╭─ DATA UNDER STUDY

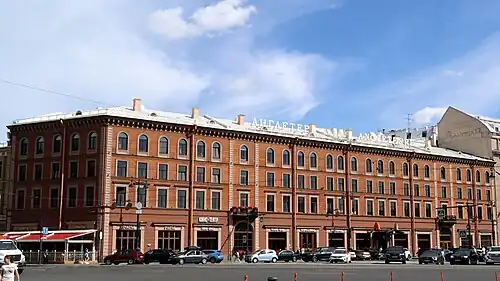 Фасад по Исаакиевской площади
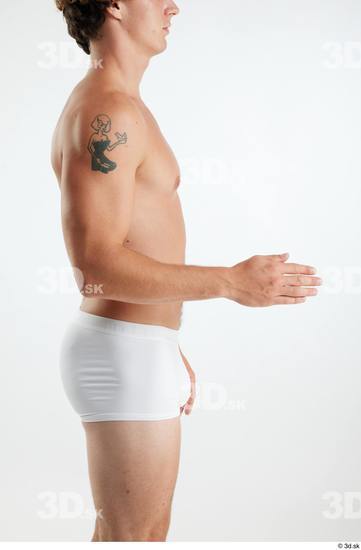 Man White Athletic Male Studio Poses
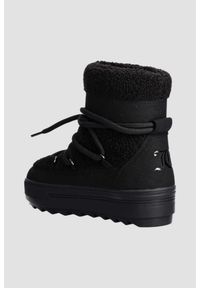 Juicy Couture - JUICY COUTURE Czarne śniegowce damskie Juicy Snow Boot. Kolor: czarny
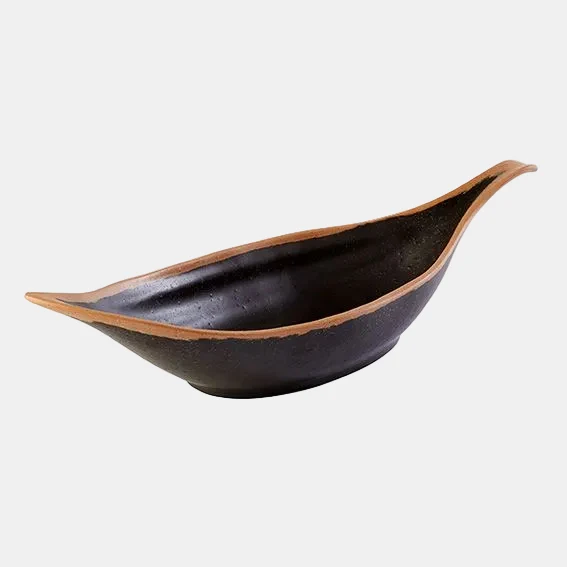 Fuente en forma de hoja melamina Crocker. Varias medidas y colores - 1 Ud.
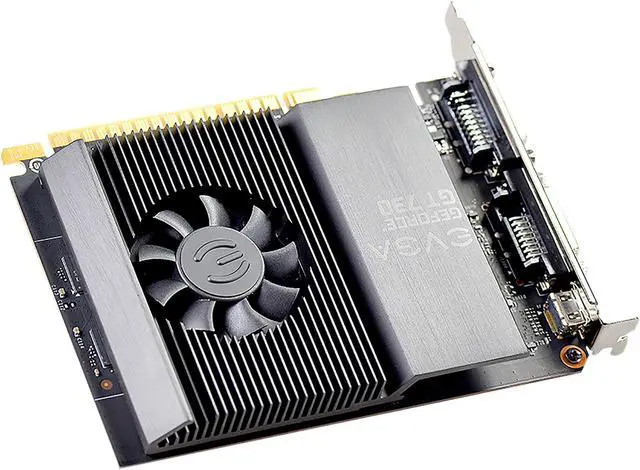 Alt view image 2 of 8 - EVGA GeForce GT 730 2GB GDDR5 PCI Express 2.0 Graphics Card 02G-P3-3738-KR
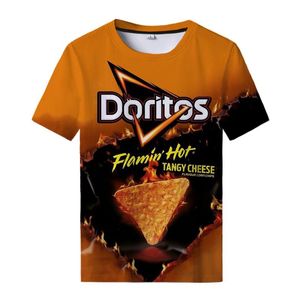 T-shirts pour hommes Snack Chips de pommes de terre 3D T-shirts 2022 Est Hommes Funny Cartoon T-shirt Casual Cool Streetwear Tshirt Couple Hip Hop Top Tee MaleMe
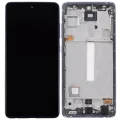 OLED Assembly With Frame For Samsung Galaxy A52 4G (A525 / 2021) / A52 5G (A526 / 2021) / A52S 5G (A528 / 2021) (6.46") (Aftermarket Plus) (Awesome Violet)
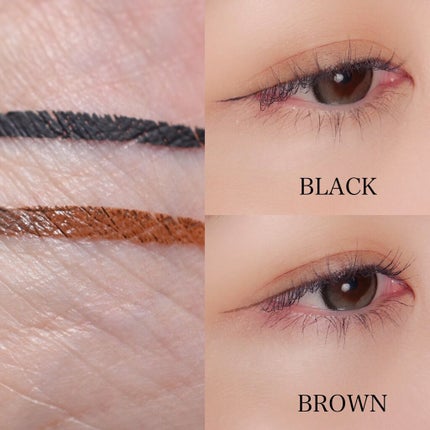 3CE LIQUID  BRUSH  EYE LINER/3CE/リキッドアイライナーを使ったクチコミ(3枚目)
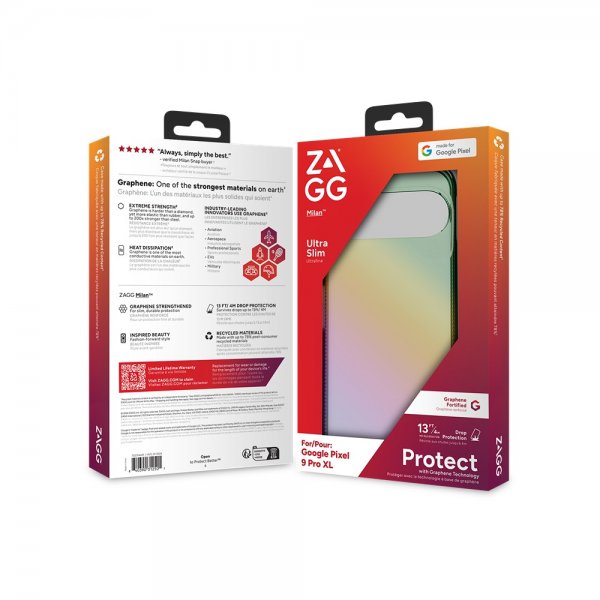 Zagg Google Pixel 9 Pro XL Deksel Milan Iridescent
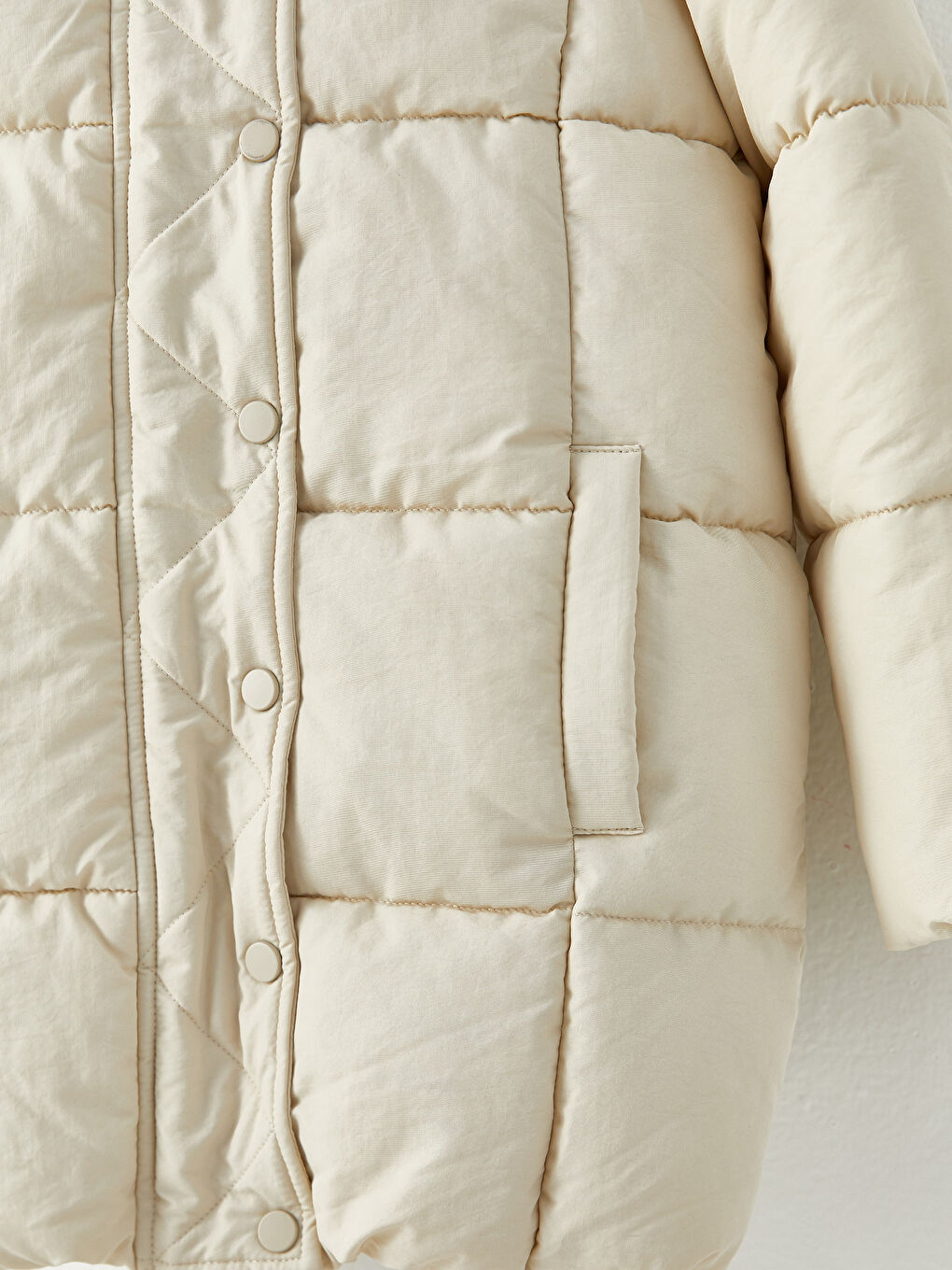 Капюшонды негізгі қыз пальтосы-2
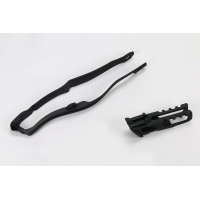 Chain Guide + Swingarm Chain Slider black for Honda CRF 250R (2014-17) - CRF 450R (2013-16) - REPLICA PLASTICS - HO04665-001 ...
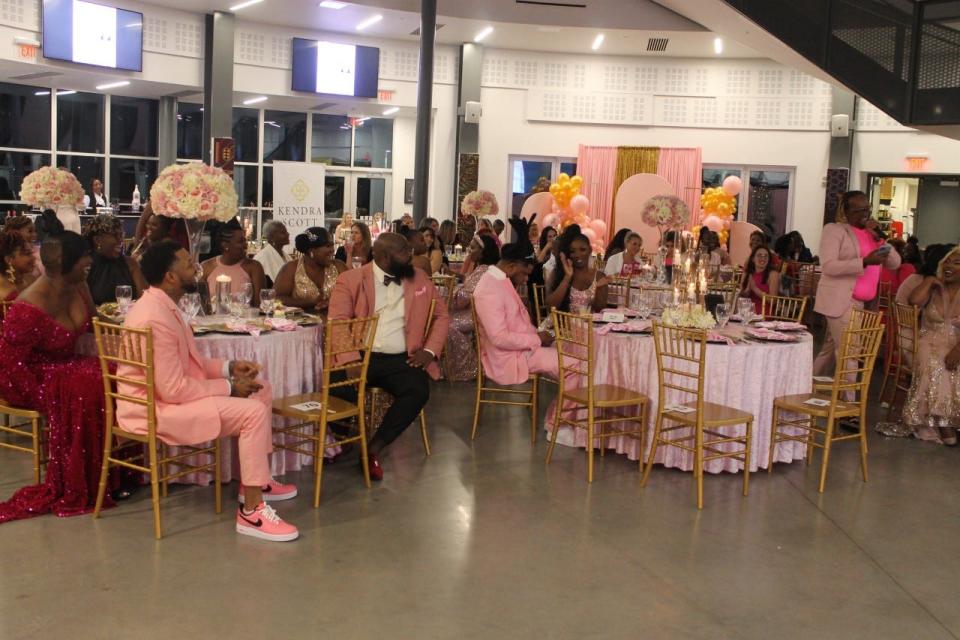 About 100 people attended Blossoming Butterfly’s Blooming in Shades of Pink Fundraising Gala on Saturday at the Cade Museum of Creativity and Invention at 811 S. Main St.
(Photo: Photo by Voleer Thomas/For The Guardian)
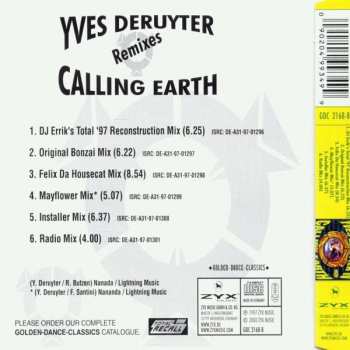 CD Yves Deruyter: Calling Earth (The Limited Edition Remix Collection)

╰─

▶ _PROBLEM TO SOLVE_:
What is needed is an exact copy of the lines above, from the one holding "Zagg Google Pixel" down to the one holding "About 100 people", with those two included and the pictures left out.

▶ _TASK RESPONSE_:
 Zagg Google Pixel 9 Pro XL Deksel Milan Iridescent
 Капюшонды негізгі қыз пальтосы-2
 Chain Guide + Swingarm Chain Slider black for Honda CRF 250R (2014-17) - CRF 450R (2013-16) - REPLICA PLASTICS - HO04665-001 ...
 About 100 people attended Blossoming Butterfly’s Blooming in Shades of Pink Fundraising Gala on Saturday at the Cade Museum of Creativity and Invention at 811 S. Main St.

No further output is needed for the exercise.